The reason for this scaling will be clear later; one can observe that the
performance of the graphical simulator increases in some cases with growing
number of qbits when the circuit length is constant.

As described by \cite{andersbriegel2005} the graphical simulator is exponentially
faster than the dense vector simulator. According to \cite{andersbriegel2005} it
is considerably faster than a simulator using the straight forward approach simulating
the stabilizer tableaux like CHP \cite{CHP}.

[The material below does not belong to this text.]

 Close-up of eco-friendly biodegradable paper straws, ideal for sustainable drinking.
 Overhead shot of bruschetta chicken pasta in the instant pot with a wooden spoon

One should be aware that the gate execution time (the time required to apply a gate
to the state) highly depends on the  state it is applied to. For the dense vector 
simulator and CHP this is not true: Gate execution time is constant for all gates
and states. Because the graphical simulator has to toggle neighbourhoods the
gate execution time of the $CZ$ gate varies greatly. The plot \ref{fig:scaling_circuits_linear}
shows the circuit execution time for two different numbers of qbits. One can observe three
regimes:

\begin{figure}
    \centering
    \includegraphics[width=\linewidth]{../performance/regimes/scaling_circuits_linear.png}
    \caption[Circuit Execution Time for Scaling Circuit Length]{Circuit Execution Time for Scaling Circuit Length}
    \label{fig:scaling_circuits_linear}
\end{figure}

\begin{description}
    \item[Low-Linear Regime] {Here the circuit execution time scales approximately linearely
        with the number of gates in the circuit (i.e. the $CZ$ gate execution time is approximately constant).
        }
    \item[Intermediate Regime]{The circuit execution time has a nonlinear dependence on the circuit length.}
    \item[High-Linear Regime]{This regime shows a linear dependence on the circuit length; the slope is
        higher than in the low-linear regime.}
\end{description}

\begin{figure}
    \centering
    \includegraphics[width=\linewidth]{../performance/regimes/graph_low_linear_regime.png}
    \caption[Typical Graphical State in the Low-Linear Regime]{Typical Graphical State in the Low-Linear Regime}
    \label{fig:graph_low_linear_regime}
\end{figure}

\begin{figure}
    \centering
    \includegraphics[width=\linewidth]{../performance/regimes/graph_high_linear_regime.png}
    \caption[Typical Graphical State in the High-Linear Regime]{Typical Graphical State in the High-Linear Regime}
    \label{fig:graph_high_linear_regime}
\end{figure}

These two regimes can be explained when considering the graphical states that typical live in these
regimes. With increased circuit length the amount of edges increases which makes toggling neighbourhoods
harder. Two graphs from the low-linear and high-linear regime can be seen in \ref{fig:graph_low_linear_regime}
and \ref{fig:graph_high_linear_regime}. The latter is hardly visible; this is due to the great amount of
edges in this regime. Further these two regimes are only visibly for $n>30$ qbits so choosing smaller graphs is
not possible. 

Because states with more qbits reach the intermediate regime at higher circuit lengths it is important to 
account for this virtual performance boost when comparing with other simulation methods. This explains
why the circuit length in \ref{fig:scaling_qbits_linear} had to be scaled with the qbit number.